[What is needed]
Set down the data below without change, skipping the pictures it holds.

[Dataset extract]
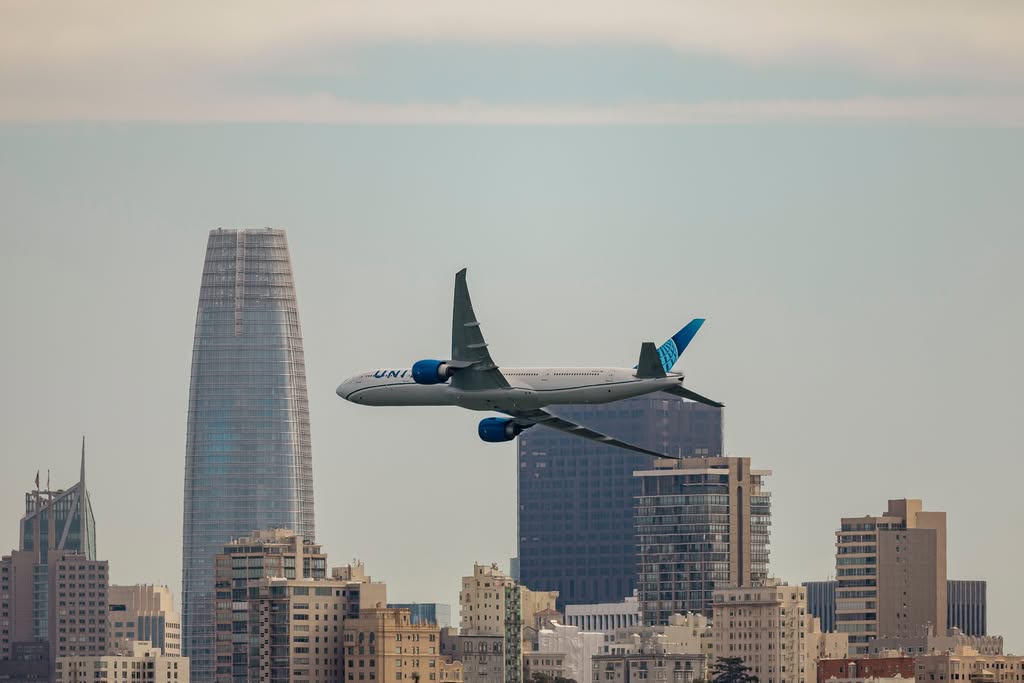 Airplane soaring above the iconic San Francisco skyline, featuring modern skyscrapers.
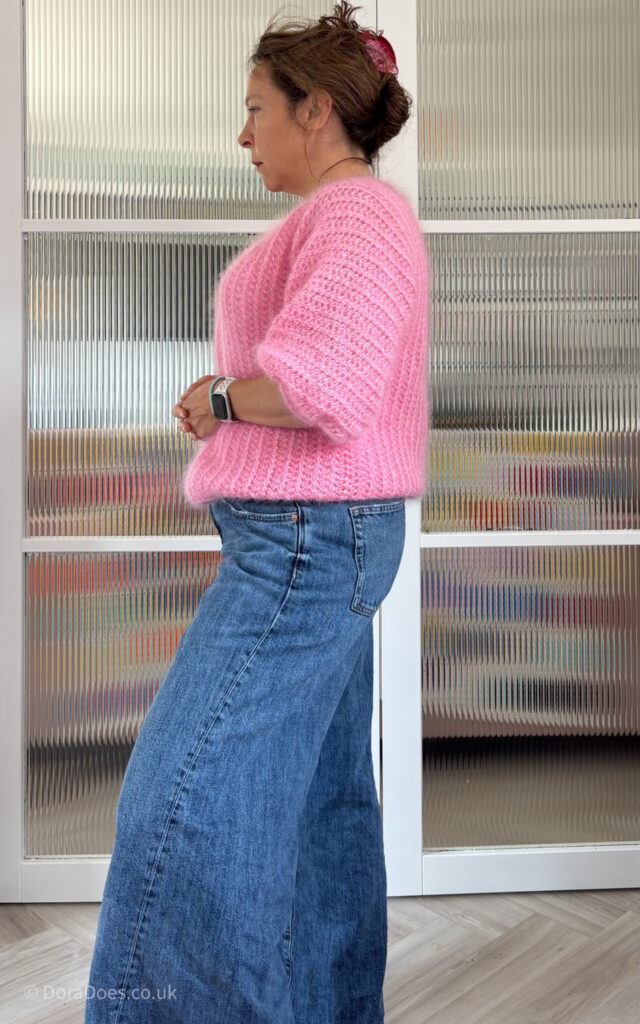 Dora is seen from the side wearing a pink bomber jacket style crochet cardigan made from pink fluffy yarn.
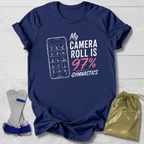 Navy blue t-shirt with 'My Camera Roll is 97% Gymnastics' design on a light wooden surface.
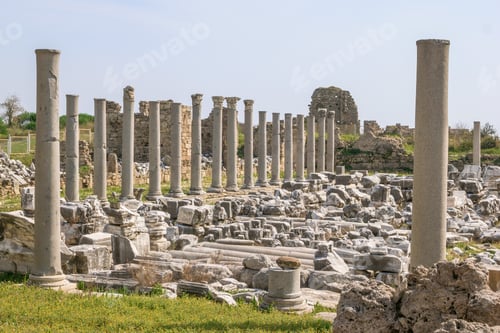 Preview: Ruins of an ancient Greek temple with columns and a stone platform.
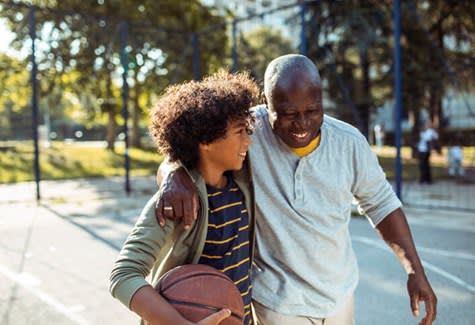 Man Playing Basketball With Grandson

[Written reply]
 Airplane soaring above the iconic San Francisco skyline, featuring modern skyscrapers.
 Dora is seen from the side wearing a pink bomber jacket style crochet cardigan made from pink fluffy yarn.
 Navy blue t-shirt with 'My Camera Roll is 97% Gymnastics' design on a light wooden surface.
 Preview: Ruins of an ancient Greek temple with columns and a stone platform.
 Man Playing Basketball With Grandson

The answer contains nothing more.